Start of Block
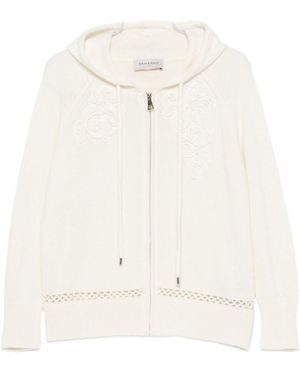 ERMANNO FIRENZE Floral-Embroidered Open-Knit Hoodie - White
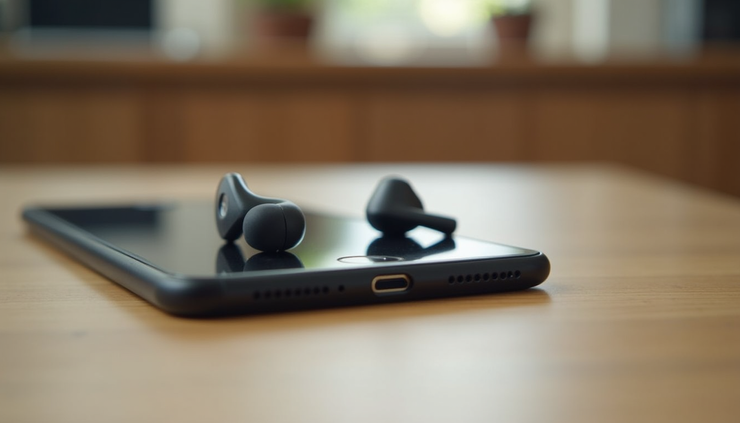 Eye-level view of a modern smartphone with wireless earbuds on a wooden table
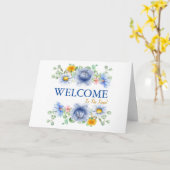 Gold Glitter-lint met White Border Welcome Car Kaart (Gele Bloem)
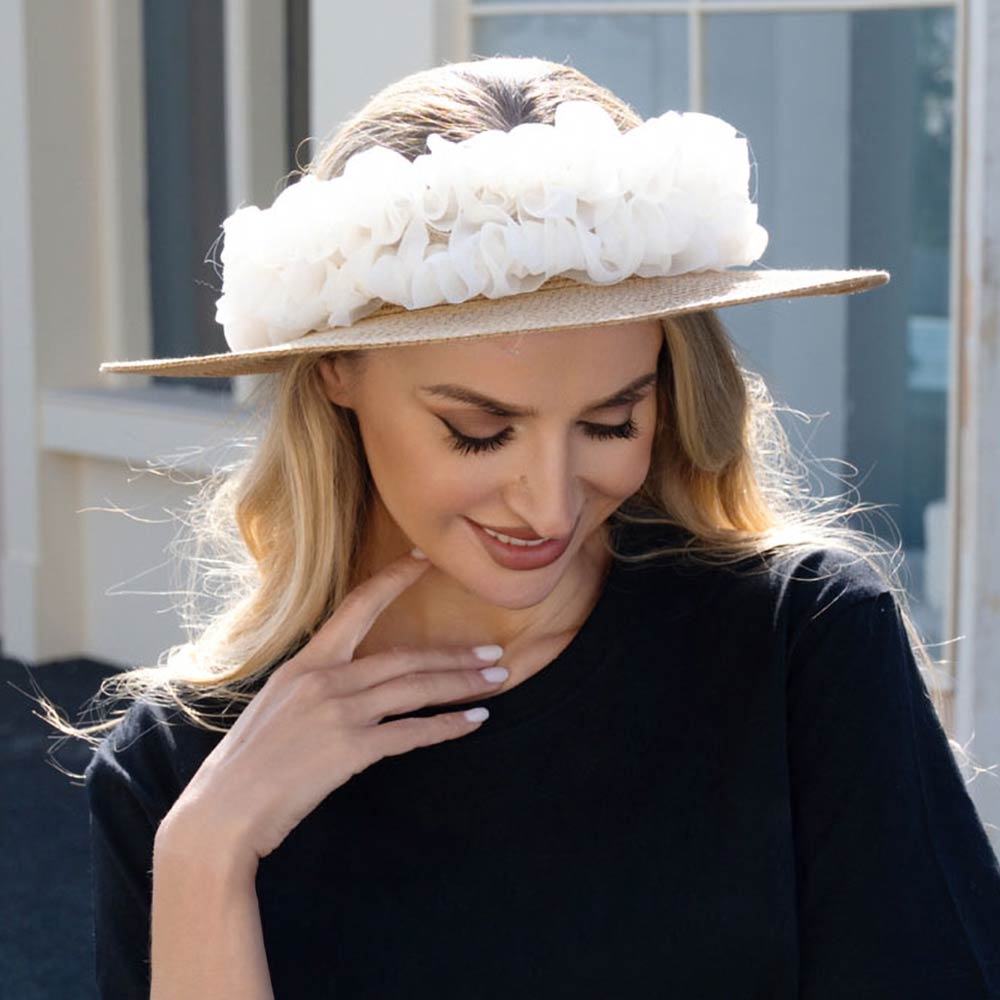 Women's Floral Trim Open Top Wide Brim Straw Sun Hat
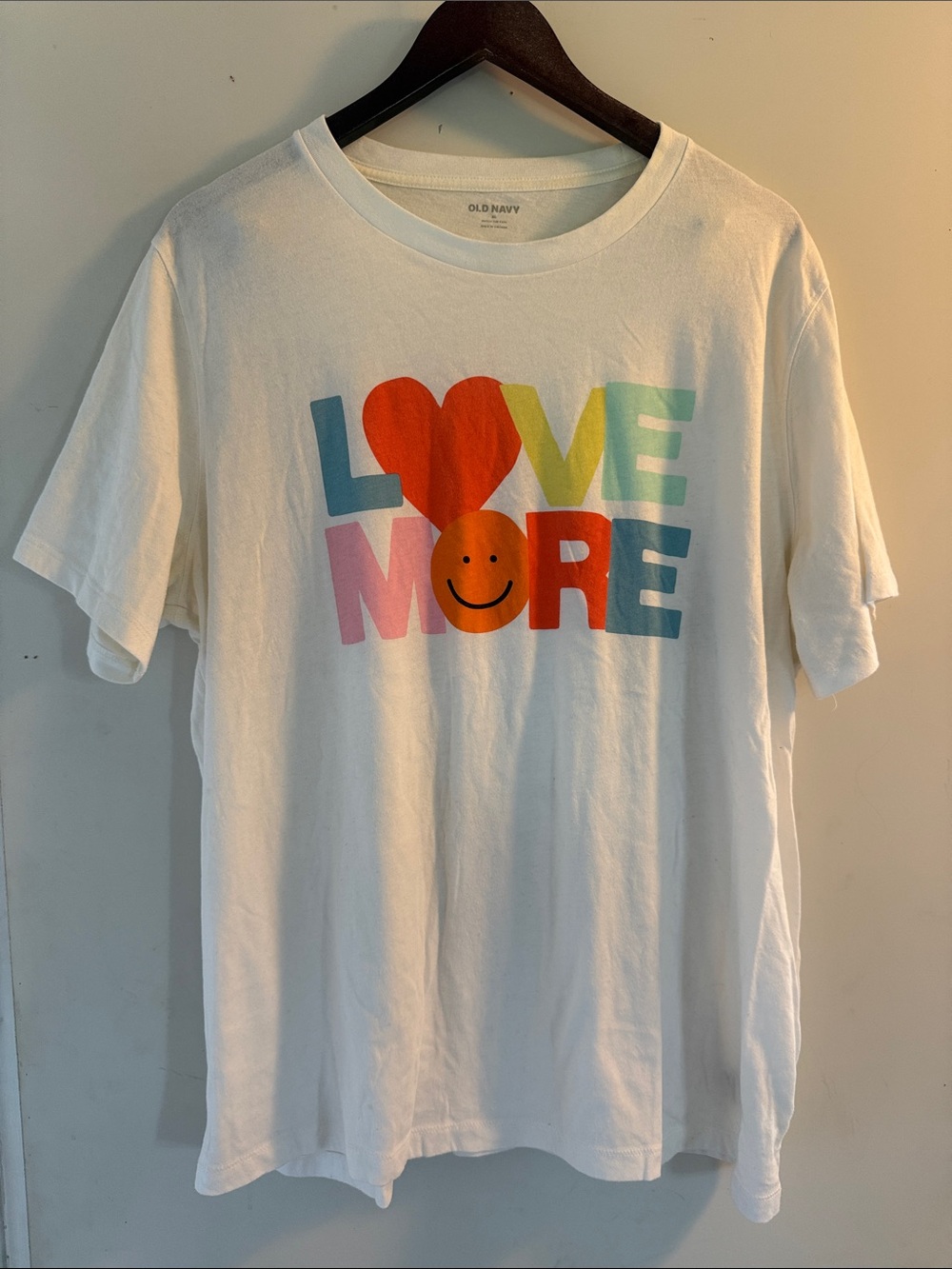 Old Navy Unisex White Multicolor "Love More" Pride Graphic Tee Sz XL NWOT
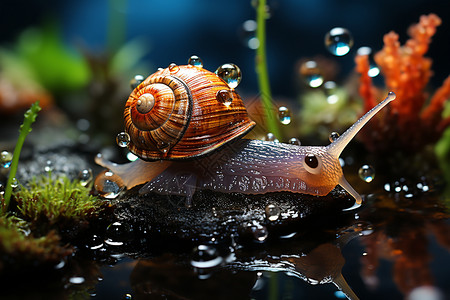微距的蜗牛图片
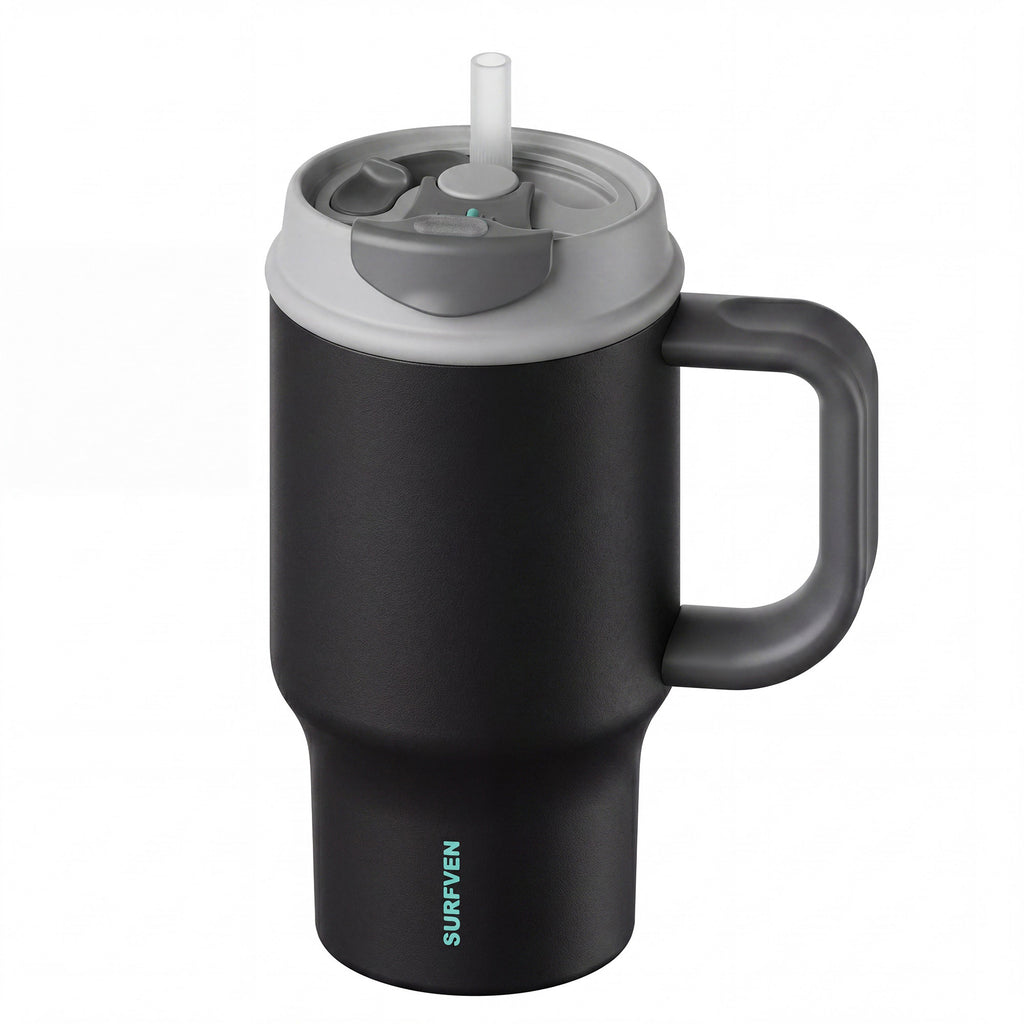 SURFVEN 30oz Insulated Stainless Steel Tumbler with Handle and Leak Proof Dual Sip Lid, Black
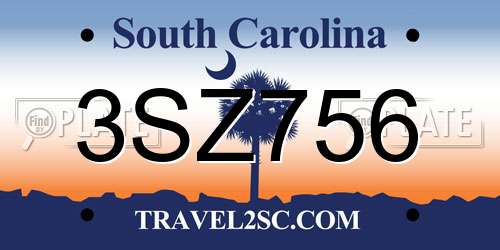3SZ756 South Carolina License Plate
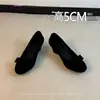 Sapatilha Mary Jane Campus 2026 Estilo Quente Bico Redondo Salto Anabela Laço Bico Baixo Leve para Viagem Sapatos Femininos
End of Block
*EXERCISE INSTRUCTIONS*: Repeat all of the listing above word for word, and exclude the pictures.

*REPLY TO THE TASK*:
 ERMANNO FIRENZE Floral-Embroidered Open-Knit Hoodie - White
 Eye-level view of a modern smartphone with wireless earbuds on a wooden table
 Gold Glitter-lint met White Border Welcome Car Kaart (Gele Bloem)
 Women's Floral Trim Open Top Wide Brim Straw Sun Hat
 Old Navy Unisex White Multicolor "Love More" Pride Graphic Tee Sz XL NWOT
微距的蜗牛图片
 SURFVEN 30oz Insulated Stainless Steel Tumbler with Handle and Leak Proof Dual Sip Lid, Black
3SZ756 South Carolina License Plate
 Sapatilha Mary Jane Campus 2026 Estilo Quente Bico Redondo Salto Anabela Laço Bico Baixo Leve para Viagem Sapatos Femininos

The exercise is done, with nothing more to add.